Shane Stone, the Coordinator-General of the National Recovery and Resilience Agency inspected some of the damage done in the unprecedented flooding event in the Kilkivan-Goomeri region on Thursday, in company with AgForce president Georgie Somerset.

He said one of the most pressing matters for many of those affected was a fear that their needs were being drowned under the drama of urban businesses being hit downstream.

"Those back on power and TV, all they're seeing is Maryborough on the news," Mr Stone said. "They're asking, do they even know we've been flooded too."

Around 140 people attended a gathering at Goomeri organised by AgForce to share their experiences and needs with the agency, and while it will be some time before the full extent of the damage done by ex-Tropical Cyclone Seth is known, statistics gathered by AgForce are already indicating that its impact will be extremely severe.

Landholders who experienced the trail of devastation left in 2013 by ex-tropical cyclone Oswald say last weekend's flood levels in the Wide Bay region were much higher, as was the speed at which the water travelled through the systems.

Dion Williams' drone photograph of Munna Creek at Ivanhoe, Glenbar. He says the flood event was 'way bigger' than what hit them in 2013.

Dion Williams' drone photograph of Munna Creek at Ivanhoe, Glenbar.
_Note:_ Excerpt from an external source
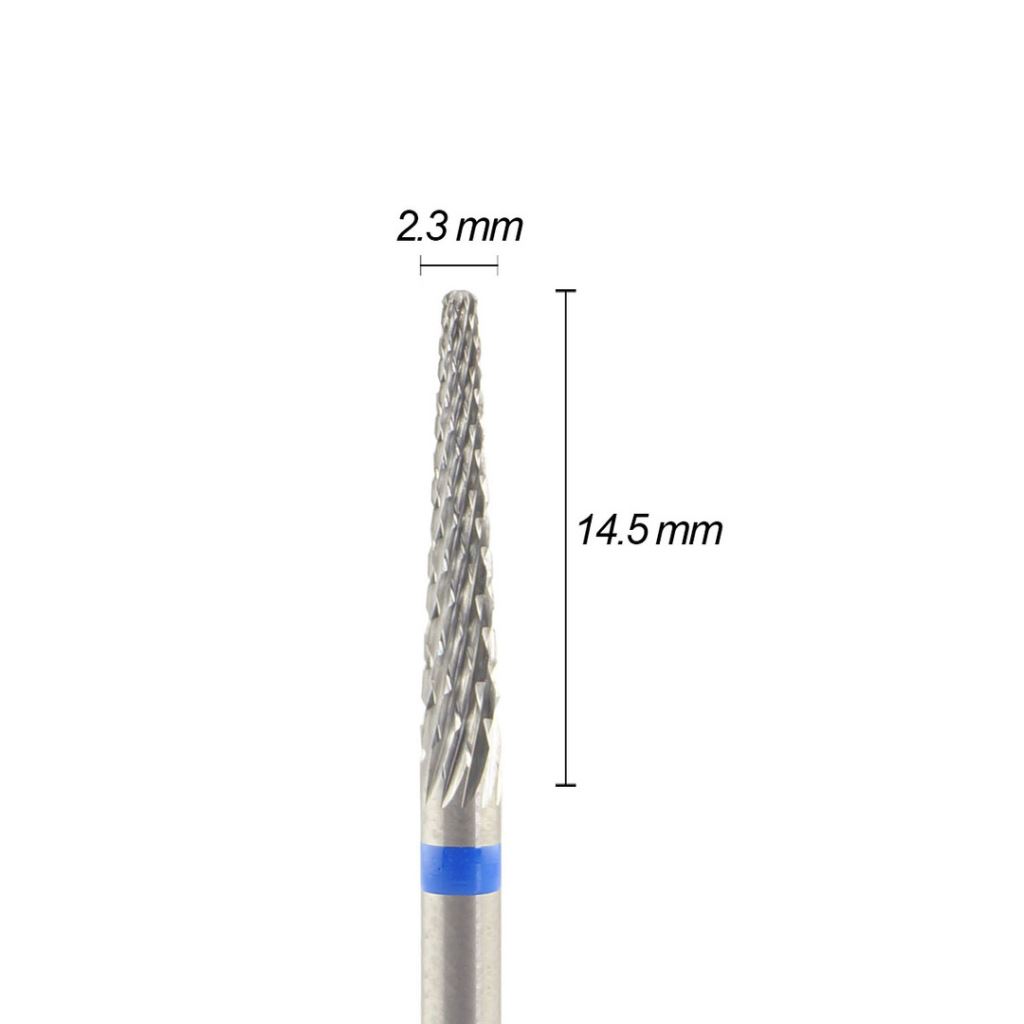 cross-cut-standard-carbide-dental-bur-o2-3mm-x-14-5mm-5000330-dentistry-tool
He says the flood event was 'way bigger' than what hit them in 2013.

AgForce opened a survey on Saturday afternoon to help it and government agencies obtain a fuller picture than could be ascertained from Bureau of Meteorology data, to guide immediate assistance measures as well as to support an application for federal disaster funding.

"We already know the impact will be very severe - they were extraordinary volumes of water," AgForce president Georgie Somerset said on Tuesday.

"As well, this is their third flood in 10 years.

"Along with severe drought challenges, it has a multiplier effect - it can be very hard to rebuild your business time and time again.

"This will require a strong response from agencies."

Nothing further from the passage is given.